__EXERCISE BRIEF__
Starting at the line with "완도군산림조합, 가정의 달 맞아 완도군장애인복지관에 후원품 전달" and ending at the line with "懐中電灯 LED 投光器", print exactly the lines of the entries below. Pictures do not belong in the copy.

__RECORDS FOR THIS TASK__
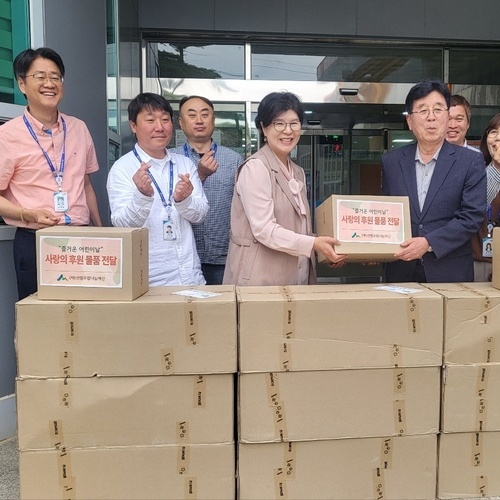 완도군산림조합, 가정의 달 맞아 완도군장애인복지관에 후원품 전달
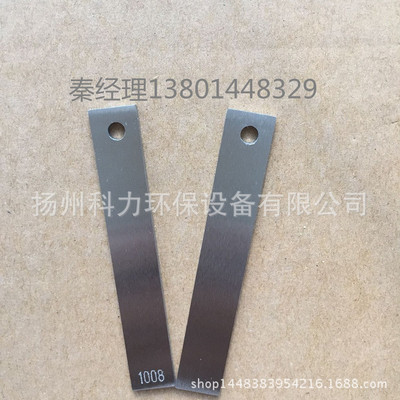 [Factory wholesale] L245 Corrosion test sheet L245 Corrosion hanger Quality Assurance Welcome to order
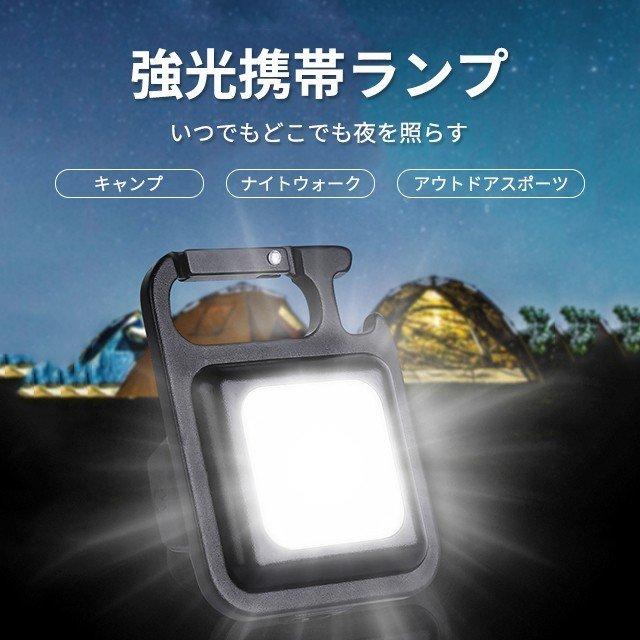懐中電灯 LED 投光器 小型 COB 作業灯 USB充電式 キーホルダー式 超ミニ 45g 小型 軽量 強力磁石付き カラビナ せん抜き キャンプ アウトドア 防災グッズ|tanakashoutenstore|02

---

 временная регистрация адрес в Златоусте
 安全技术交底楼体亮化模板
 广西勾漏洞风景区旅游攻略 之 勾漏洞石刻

__SOLUTION TO THIS TASK__
 완도군산림조합, 가정의 달 맞아 완도군장애인복지관에 후원품 전달
 [Factory wholesale] L245 Corrosion test sheet L245 Corrosion hanger Quality Assurance Welcome to order
懐中電灯 LED 投光器 小型 COB 作業灯 USB充電式 キーホルダー式 超ミニ 45g 小型 軽量 強力磁石付き カラビナ せん抜き キャンプ アウトドア 防災グッズ|tanakashoutenstore|02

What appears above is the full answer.